Garcetti noted that in 2006-07, Los Angeles was the home of 60% of all TV pilot production. That figure had dropped to 29% last year. One of the beneficiaries has been Manhattan, where Mayor Michael Bloomberg has been promoting the city as a production hub, spurred by the state’s incentive programs.
The city of L.A.’s permit fees, designed to pay for the costs of services like staffing on-set police and fire officials, came to a total of $231,000 in 2011-12 for pilot production, according to City Administrative Office Miguel Santana, who said the figures were “infinitesimal” compared overall production costs.
Yet even though there is some doubt as to the impact, Garcetti said that he wants “L.A. to lead the way, but we need Sacramento to step up.” He is calling for the state to lift the $100 million per year cap on production incentives, and to expand the categories eligible to large movies, premium cable projects, commercials, video games and documentaries.

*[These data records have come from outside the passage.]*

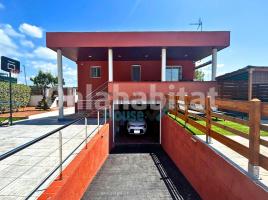 Casa (chalet / torre), 410 m², seminuevo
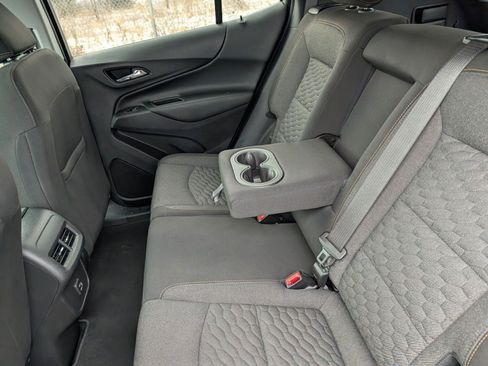 Used 2021 Chevrolet Equinox LT image 19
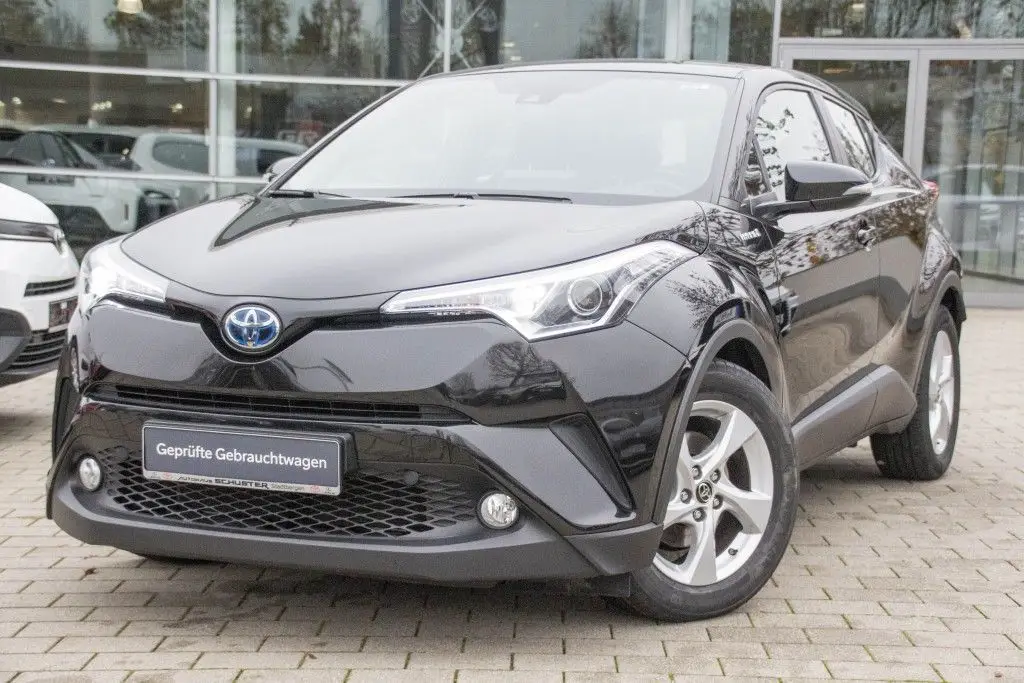 Photo 1 : Toyota C-hr 2017 Hybrid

He said that the fees can add up to significant amounts, with the location manager for “The Closer” estimating that fees can get up to $20,000 per episode. Garcetti has appeared in cameos on the show, and his father, former District Attorney Gil Garcetti, is a producer. He added that the cost to the city for waiving the fees is more than made up for by the jobs and economic impact generated by one-hour dramas, which employ more crew members and are more likely to shoot on location than comedies. The fee waiver for the first year of production is intended to ensure that pilots stay in L.A. for series, and not simply set up shop in other states or Canada.

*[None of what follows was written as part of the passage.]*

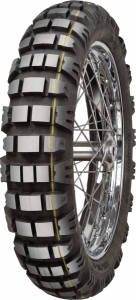 E-09 Enduro gumiabroncs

At the press conference, other production personnel talked of problems convincing major feature film producers to shoot on location in the city. Chris Baugh, location manager for “Argo,” said “I am starting to see people who have never made a feature film in Los Angeles. In fact, they are afraid to. They are concerned that it is too expensive and too difficult.” He added, “It may not be long before all executive producers may not have the experience of filming in Los Angeles, and that is a scary thought. We have got to turn this around now before that happens.”
Producers of independent movies also have complained of the high cost of permits issued by FilmL.A., the non-profit entity set up in the 1990s to streamline production permitting in Los Angeles County.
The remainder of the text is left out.